# Masters 1000 modelos

### Cargar dataframe para añadir columnas


In [None]:
# Ruta base del archivo
ruta_base = r"./Masters1000/columnas_añadidas"
# Nombre del archivo
nombre_archivo = "escaladofinal.csv"


In [None]:
ruta_completa = os.path.join(ruta_base, nombre_archivo)

# Leer el CSV correctamente
df = pd.read_csv(
    ruta_completa,
    delimiter=";",   # separador de columnas
    decimal=","      # separador decimal 
)

# Convertir fecha
df["Date"] = pd.to_datetime(df["Date"], format="%d/%m/%Y", errors="coerce")

# Ordenar por fecha
df = df.sort_values(by="Date")

# Mostrar resumen
df.info()


## Modelo Regresión Logistica (M1000)

In [None]:
# Lista de columnas a escalar
features_to_scale = [
    "Surface_WinRate_Favorite", "Surface_WinRate_Not_Favorite",
    "Surface_Matches_Favorite", "Surface_Matches_Not_Favorite",
    "WinStreak_Favorite", "WinStreak_Not_Favorite", "Win_Streak_Diff",
    "Rank_Favorite", "Rank_Not_Favorite", "Rank_Diff_Signed", "Rank_Diff_Abs",
    #"GrandSlams_Favorite", "GrandSlams_Not_Favorite"
    "Masters1000_Favorite","Masters1000_Not_Favorite"
]

# Asegurarse de que son numéricos
for col in features_to_scale:
    df[col] = pd.to_numeric(df[col], errors="coerce")
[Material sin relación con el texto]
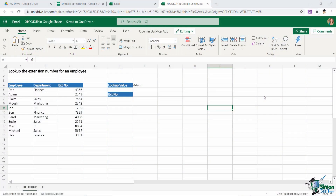Hello everyone and welcome to this tutorial video on using XLOOKUP in Google Sheets. If you've been using Excel for a while, you're probably familiar with the reasonably new function called XLOOKUP available in Microsoft 365. Even if you're not familiar with that, you're probably familiar with functions such as VLOOKUP, HLOOKUP, or maybe even INDEX and MATCH in order to perform lookups in tables of data.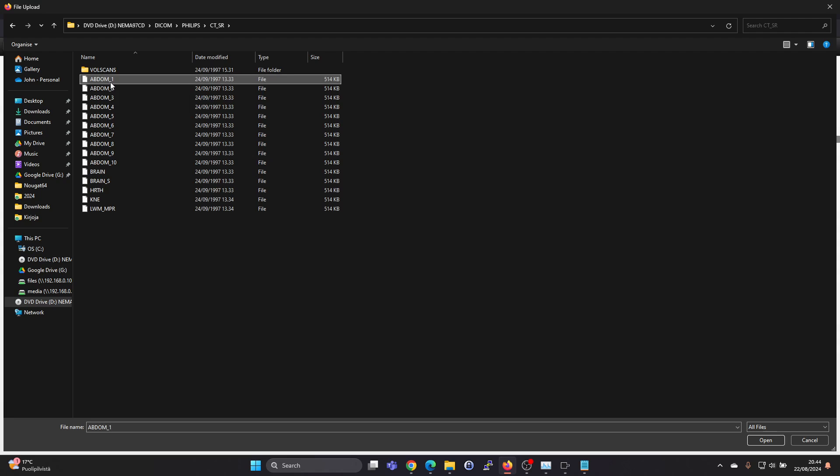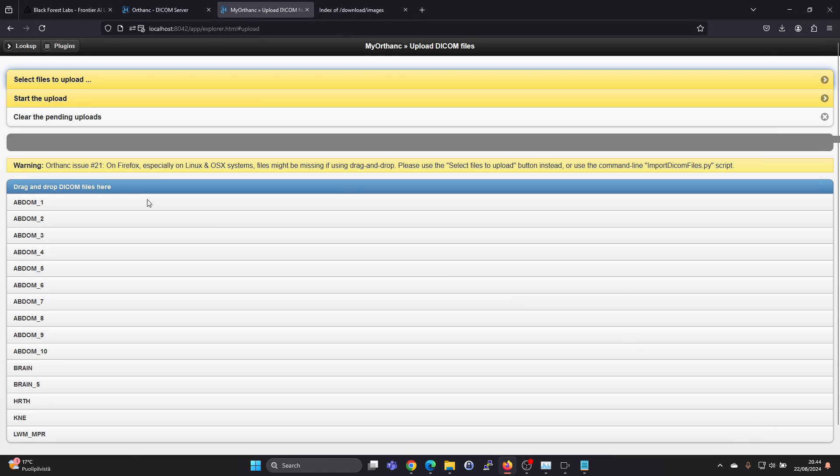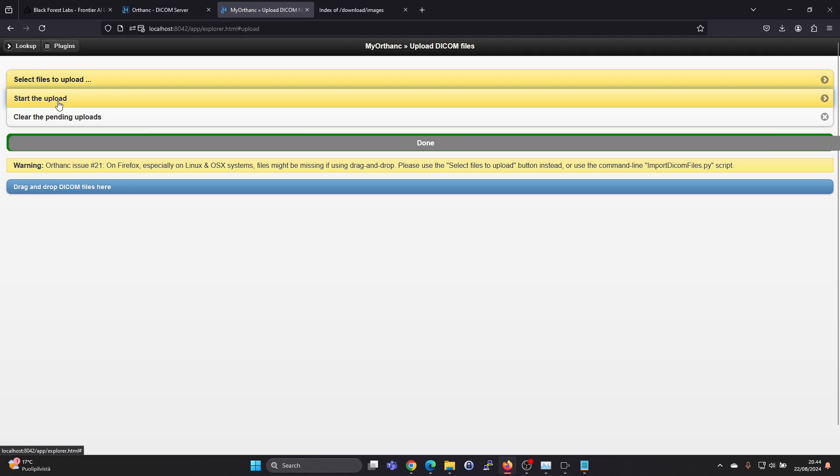And select some images. Here's a CT. And let's select all of these files. Press open.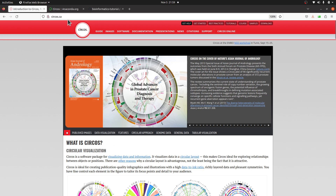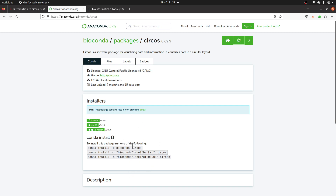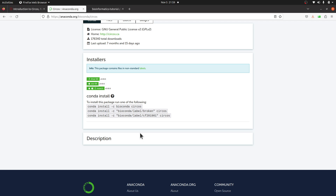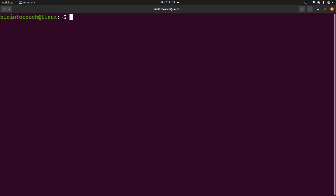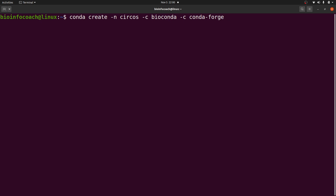Let's move to the instructions for installing. We'll use one of these instructions here. It's very simple and straightforward. Let's go to the terminal and do the installation. I am first going to create an environment and then install Circos in that. So I'll say: conda create -n circos. This is the environment name. I'll add channels: -c bioconda -c conda-forge. Then I will specify the tool I want to install — in this case, Circos.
# Escalado con StandardScaler
scaler = StandardScaler()
df[features_to_scale] = scaler.fit_transform(df[features_to_scale])


In [None]:

# Contar los valores nulos por columna para comprobar que no haya nulos
print(df[features_to_scale + ["Favorite_Wins"]].isna().sum())

In [None]:

X = df[features_to_scale]  # Asegurarse de que no haya columnas extra
y = df["Favorite_Wins"]

In [None]:

#Comprobamos que no haya nulos en x ni en y
print("¿NaNs en X?:", X.isna().any().any()) 
print("¿NaNs en y?:", y.isna().any())

In [None]:
# Dividir los datos
X_train, X_test, y_train, y_test = train_test_split(X, y, test_size=0.2, random_state=42)

# Modelo de regresión logística
model = LogisticRegression(max_iter=1000, random_state=42)
model.fit(X_train, y_train)

# Predicción
y_pred = model.predict(X_test)

# Calcular y mostrar la métrica
score = balanced_accuracy_score(y_test, y_pred)
print("Balanced Accuracy:", round(score, 3))


In [None]:
print(y.value_counts(normalize=True))

In [None]:
# Dividir los datos
X_train, X_test, y_train, y_test = train_test_split(X, y, test_size=0.2, random_state=42)

# Modelo de regresión logística con ajuste por desbalance
model = LogisticRegression(class_weight='balanced', max_iter=1000, random_state=42)
model.fit(X_train, y_train)

# Predicción
y_pred = model.predict(X_test)

# Evaluar con balanced accuracy
score = balanced_accuracy_score(y_test, y_pred)
print("Balanced Accuracy:", round(score, 3))

### Prueba con validación cruzada (M1000)

In [None]:
# Usamos solo las columnas que queremos escalar
X = df[features_to_scale]
y = df["Favorite_Wins"]  

# Modelo con validación cruzada (5 folds)
model = LogisticRegression(class_weight='balanced', max_iter=1000, random_state=42)
y_pred_cv = cross_val_predict(model, X, y, cv=5)

# Evaluación
score_cv = balanced_accuracy_score(y, y_pred_cv)
print("Balanced Accuracy (CV):", round(score_cv, 3))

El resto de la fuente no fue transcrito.